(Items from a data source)
%%
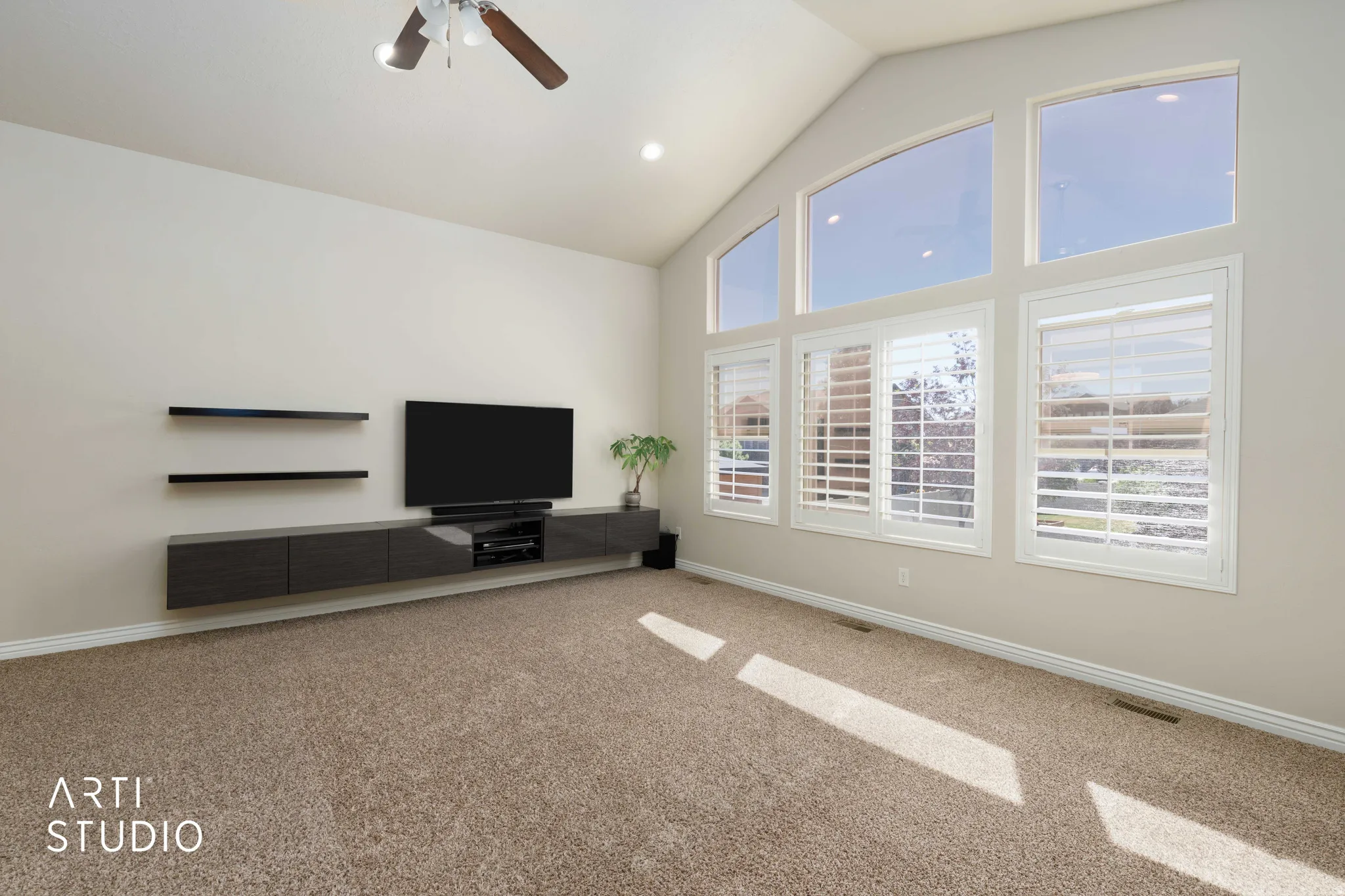 Living area featuring a vaulted ceiling and an array of large windows
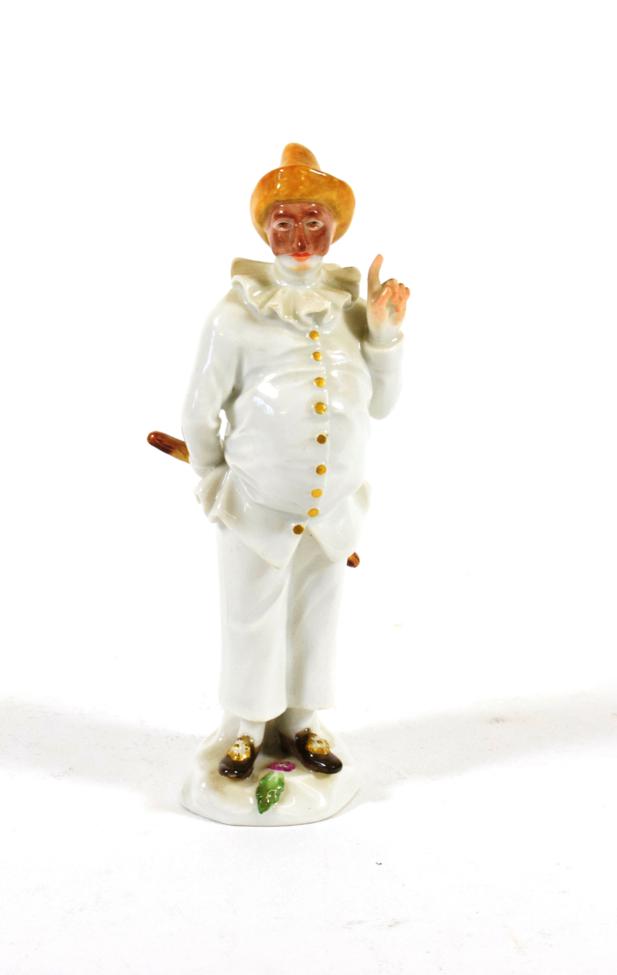 A Meissen Porcelain Figure of Pulcinella, 20th century, standing wearing a brown hat holding a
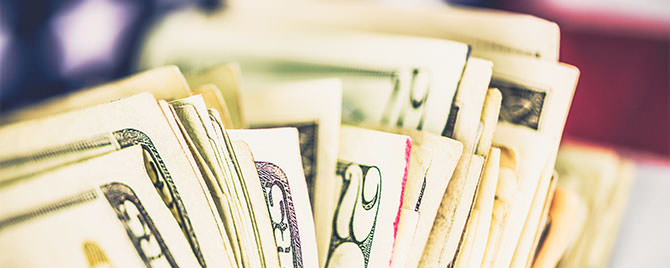 Photo of United States currency in front of American flag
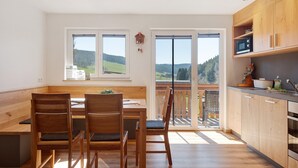 Eine moderne Küche mit Holzausstattung, einem Essbereich mit einer Bank und großen Fenstern mit Blick ins Freie.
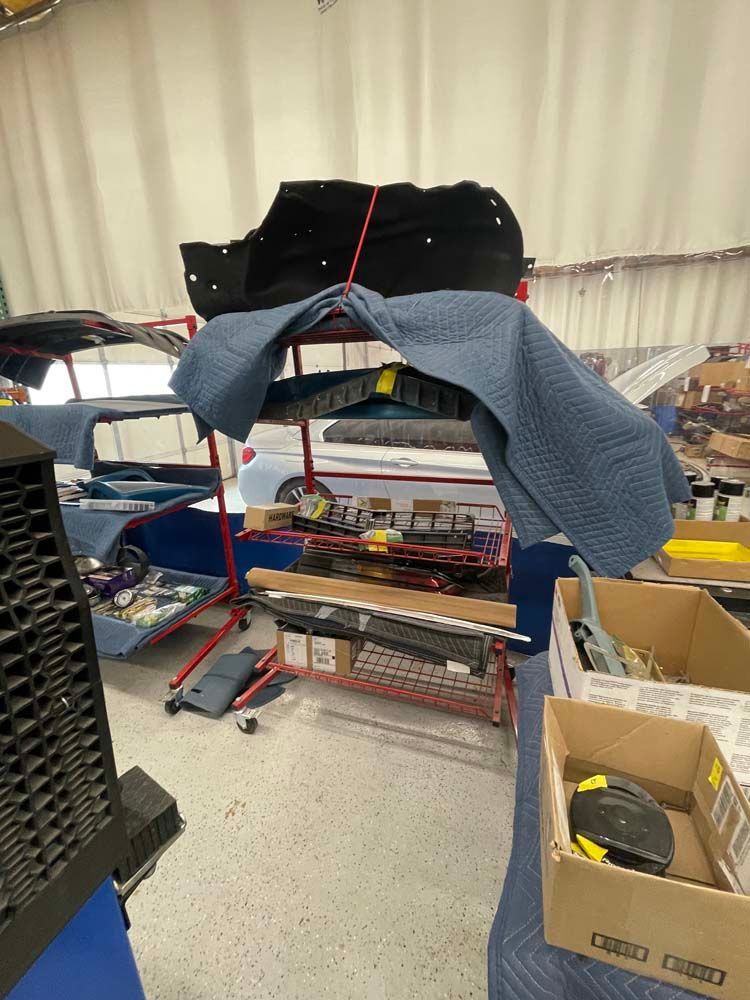 A car is being worked on in a garage.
%%
**EXERCISE AIM:** Exactly the lines from the one containing "Photo of United" through the end of the data above: repeat those, both ends included, and nothing else. Skip the pictures.

**RESPONSE TO THIS EXERCISE:**
 Photo of United States currency in front of American flag
 Eine moderne Küche mit Holzausstattung, einem Essbereich mit einer Bank und großen Fenstern mit Blick ins Freie.
 A car is being worked on in a garage.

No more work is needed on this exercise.